* What to produce
Repeat, exactly as written, the lines from the one with "Customization.Restaurant Room Divider" to the final line of the listing, and keep every picture out.

* Provided material

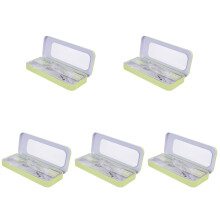 5Sets Student Drawing Tool Set Ruler Compass Protractor Green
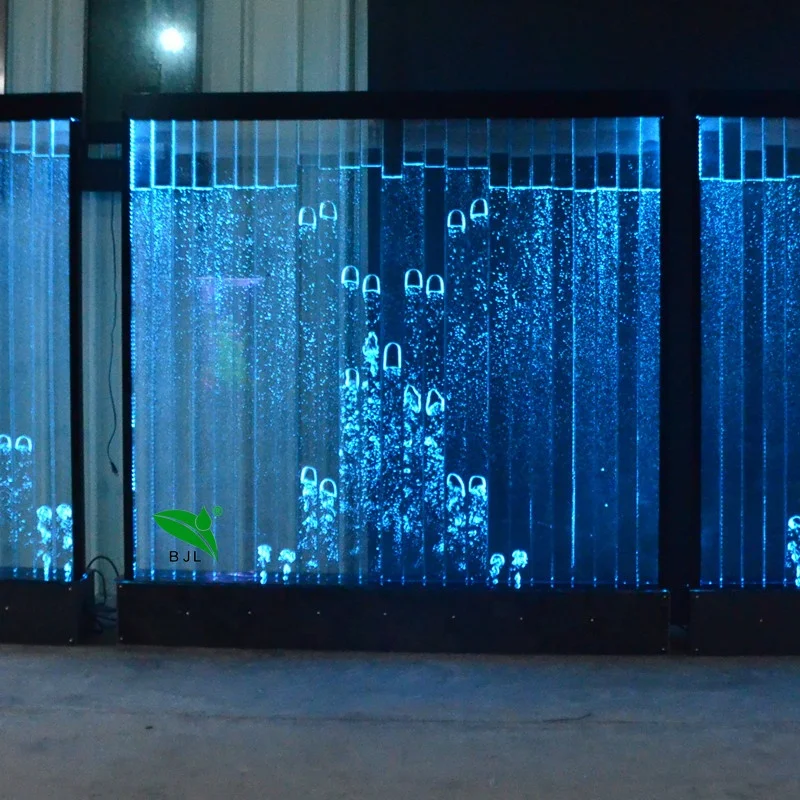 

Customization.Restaurant Room Divider Wall Decoration Multi Color Changing Led Digital Programming Water Bubble Wall
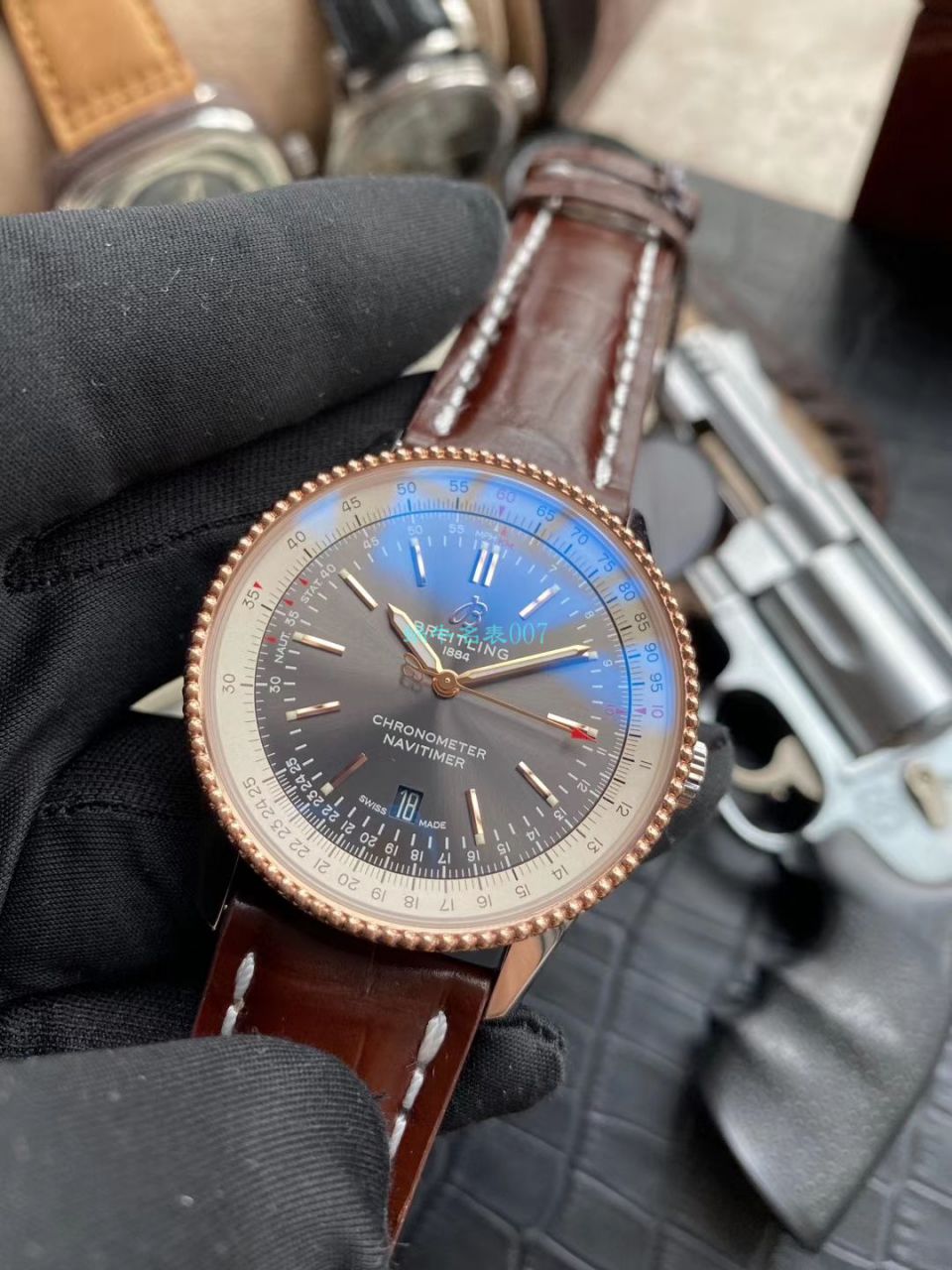 独家瑞士SW200 Movement  copy customized 版 Breitling 航空计时41系列复刻高仿U17326211M1P2 wrist watch  / BL158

* Answer to this problem
Customization.Restaurant Room Divider Wall Decoration Multi Color Changing Led Digital Programming Water Bubble Wall
 独家瑞士SW200 Movement  copy customized 版 Breitling 航空计时41系列复刻高仿U17326211M1P2 wrist watch  / BL158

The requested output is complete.